At one time, there was a student food service committee that met with Aramark to discuss food service concerns.  Perhaps we can reconstitute this committee.

Vice President Brabham has confirmed that dining halls that serve food for immediate consumption – as opposed to staples or groceries – are not eligible to accept food stamps.  Aramark does not accept food stamps at any of its college dining facilities across the country.

There currently isn’t a 24 hour workroom for design students- how can I, or “we” as the student association, help you to make this possible?” This is particularly important to design students who want the labs open 24 hours a day?

Vice President Brabham and Vice President Brennan would welcome the chance to meet with students to talk about alternatives.  As a reminder, a couple of years ago, FIT ensured that the dining hall was open 24 hours for students to work on projects.  We could do that again – or explore other alternatives.

Over the last few semesters at FIT, I have found myself reading online the Undergraduate Catalogue to get a description of courses. What are your thoughts on implementing a system in which students are able to leave peer-to-peer online reviews of classes, explaining what is actually being conducted in the class, before they register?

While we don’t think peer-to-peer evaluations are an option, the Vice President of Academic Affairs will work with the Deans and the academic departments to explore ways in which syllabi or other information about the courses could be more readily available.

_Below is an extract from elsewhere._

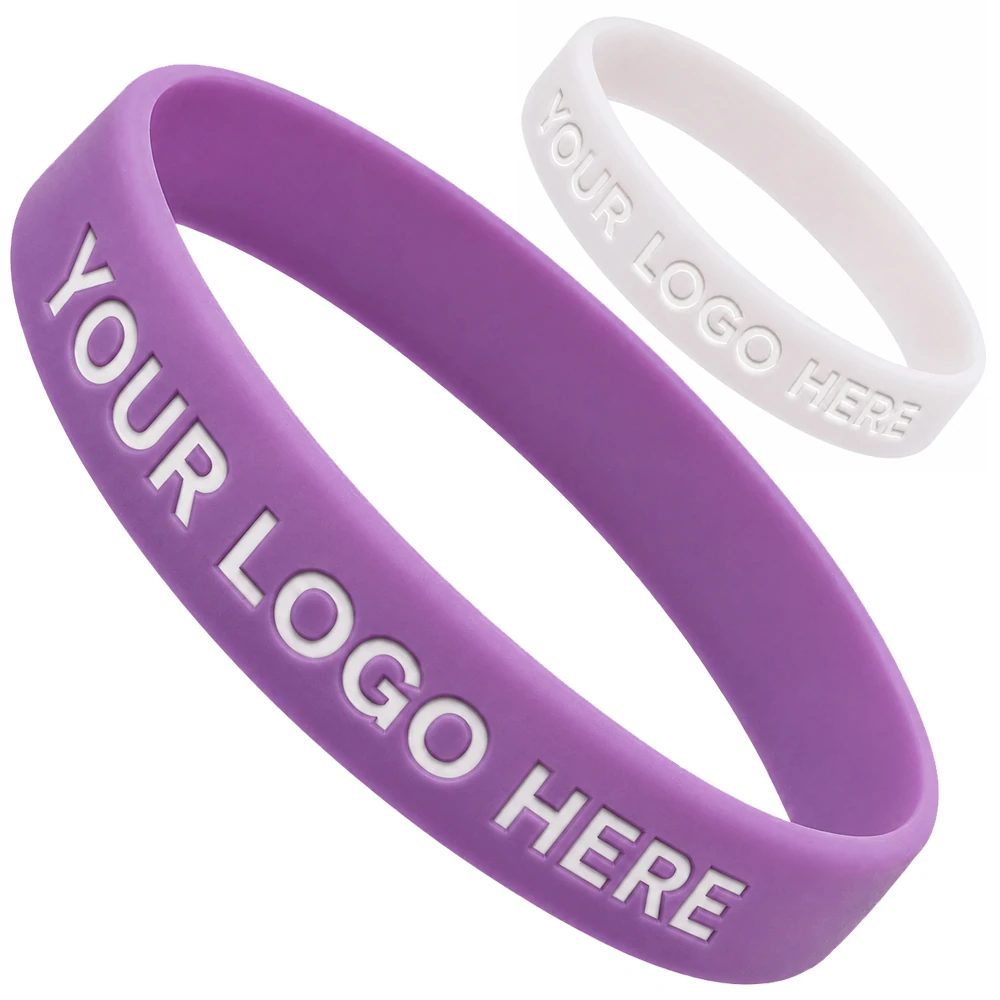 Custom 1/2 Inch Debossed Color Filled Silicone Wristbands - Purple and white pair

Is FIT looking to become part of Open SUNY? If so what majors will be a part of it, and how will this affect our acceptance/ rejection rate as a school? Will we remain as competitive as before?

Open SUNY does not mean Open Admissions – Open SUNY refers to on-line programs being offered across SUNY campuses.  This will not affect standards or our acceptance or rejection rates.

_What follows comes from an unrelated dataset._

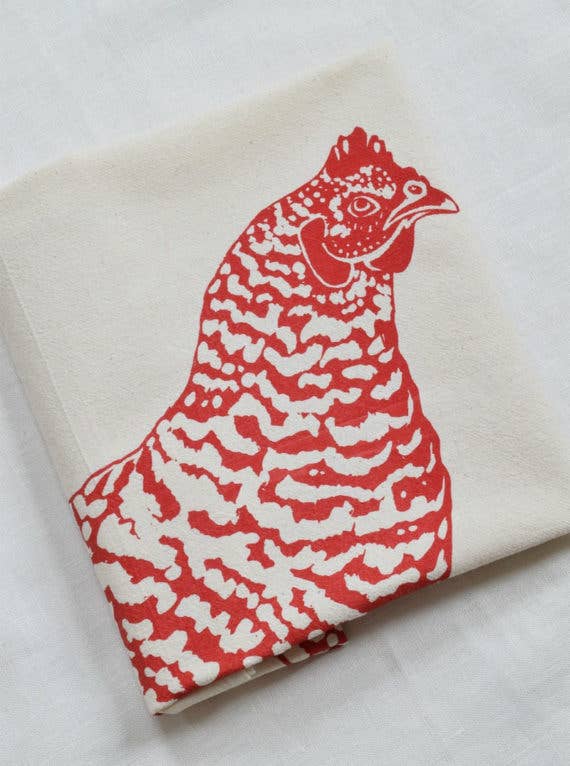Organic Cotton Chicken Tea Towel (Red)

Students in the School of Art and Design are subjected to taking 3-hour classes that only account for 1.5 credit hours. This results in many students taking over 10 classes per semester, which can sometimes be unbearable. Can the curriculum for these majors be reviewed to ensure that students are not taking extreme amounts of classes per semester?

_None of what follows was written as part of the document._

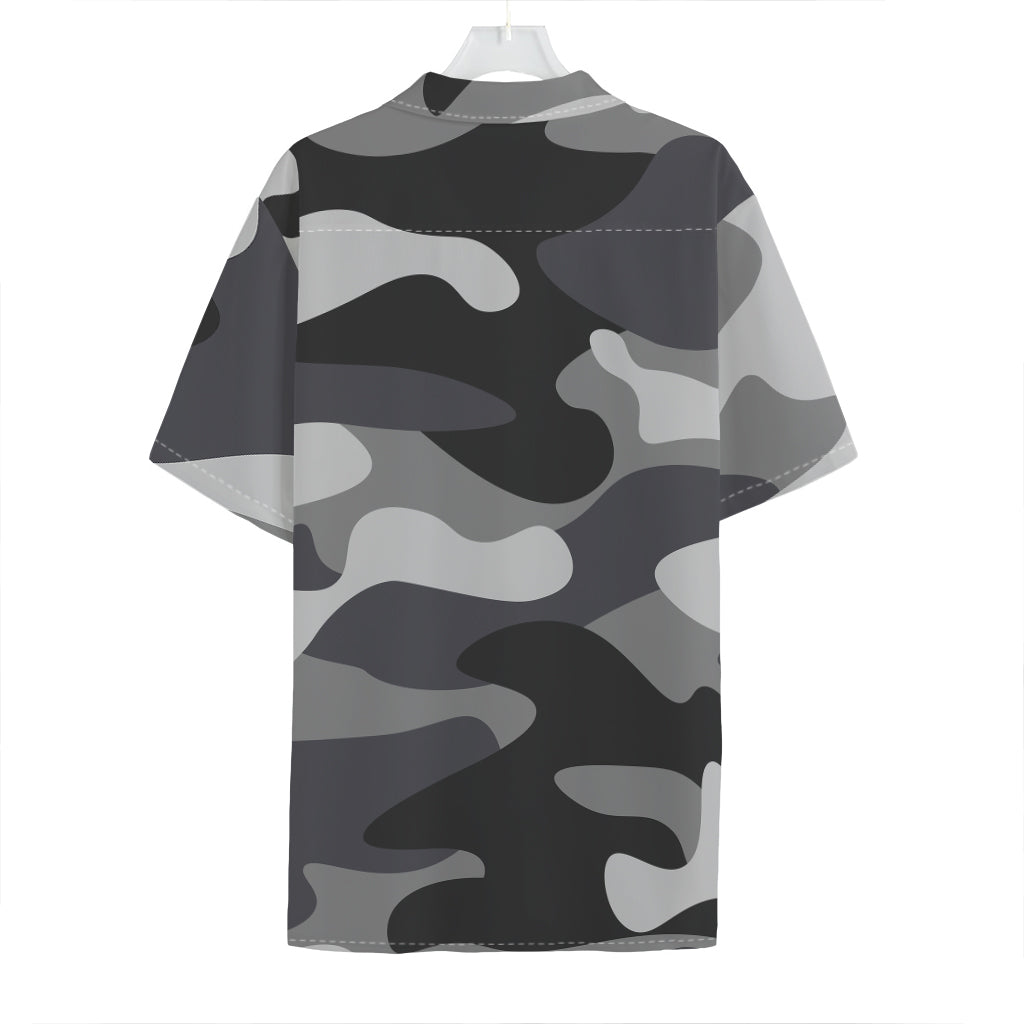 Grey And White Camouflage Print Hawaiian Shirt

We agree. Vice President Oliva described the curricular review process that is currently taking place and also stated that NASAD (the accrediting agency for art and design programs) has asked that we review this as well.  We understand that this can be burdensome for some students and we are examining this issue.  We hope to eliminate or at least reduce the number of courses that are 1.5 credit hours.

FIT does not fit the mold of any one type of institution, but it was rumored that we will be moving away from being a community college, is that true? And if so what changes are we making? And how will that effect the students in the future?

This is not true.  FIT is a community college and we have no plans to change our status. We are fortunate that we can offer bachelors and masters degrees, but will continue to do so while maintaining our community college status.

We all hear that FIT is a top school when it comes to connections to the industries we teach. We’d like to know if is there a connection between FIT and New York Fashion Week in a way that they can offer us more jobs in the events and not just volunteering as dressers and hosts — for example in the modeling and styling fields? How can we bring more opportunities for these two crucial aspects of the fashion industry to the students here at FIT, considering we have connections with many world renowned designers?

Volunteer experiences are a great way to start.  We work very hard with the industries we serve to provide volunteer opportunities.  Internships provide even better opportunities for entrées directly into the industries. We must also realize that Fashion Week is a big business and a very expensive undertaking for companies.  They use professional services to put their best foot forward. Therefore it is not really an opportunity for students other than behind the scenes. It is however, a great opportunity to be exposed to the production as a volunteer experience.